А у меня сердце бешеным зайцем вскачь пустилось. Ладошки запотели. От страху голоса лишилась. Как это предадут? Кто? Когда? За что? Почему намучаюсь?
— Зверь он лютый. Кровожадный. Увезет в свою берлогу, и тогда...
— А ну-ка, бабуля, чеши отсюда по тропинке, и чтобы я тебя здесь больше не видела!
Голос Снежки, словно кнут, пробудил меня из панического мандража бабки. Моргнув пару раз, я уставилась на старую каргу в шубе из лисьих шкур. И вправду лиса, вот как меня развернуло от ее речей?!

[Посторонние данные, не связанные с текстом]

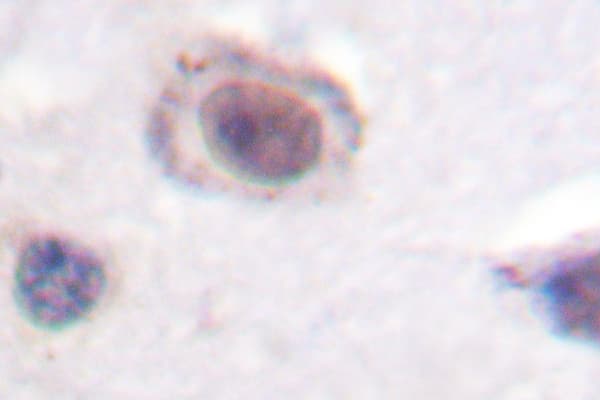 CCND1 / Cyclin D1 Antibody (Leu283)
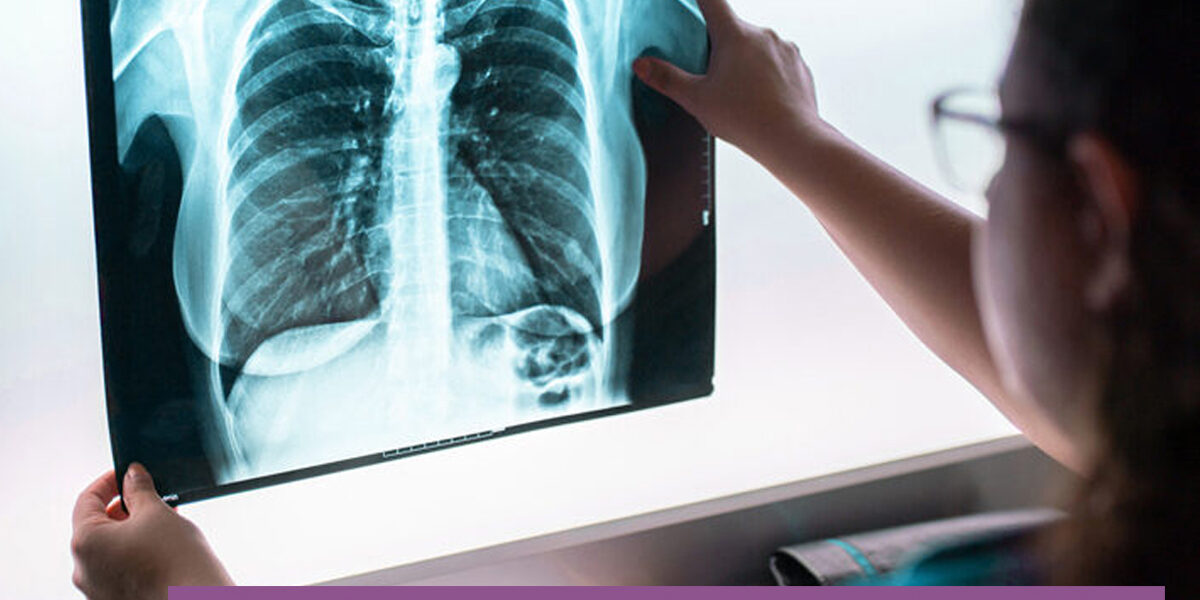 Lung Cancer Diagnostics Market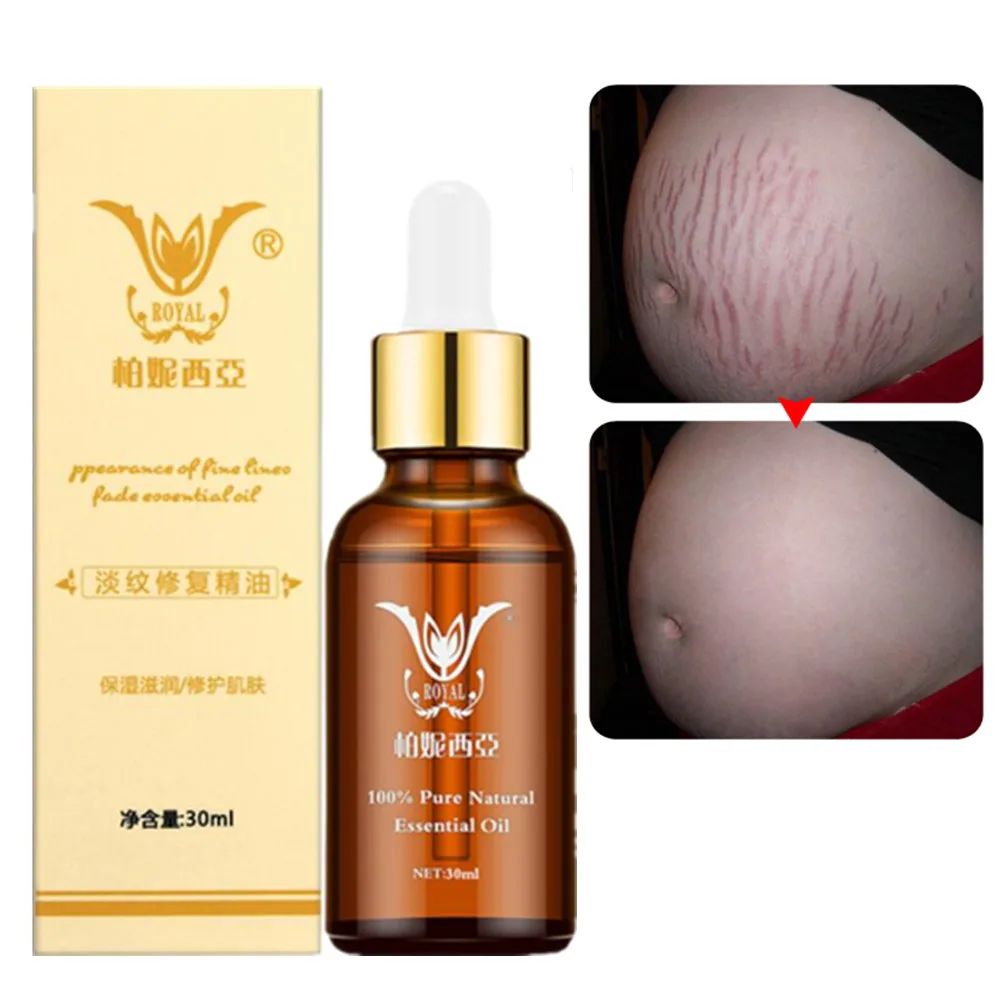 Эфирные масла для Удаления растяжек натуральное средство удаления ожирение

Медленно развернувшись к ней, она прищурилась на Снежку.
— Звериное отродье ты. — вроде как оскорбила или уточнила она, я не поняла, — А тебя вот твоя судьба...
— Оставь мою судьбу мне, старая пьявка, и убери-ка свои кости с моего пути.
Холод сочился бурным потоком от Снежки. И все же, старушка прокумекала, что седая целительница не шутит. Плюнула досадливо на пол и пошаркала на выход. Правда, в конце бросив злобное Снежке в спину.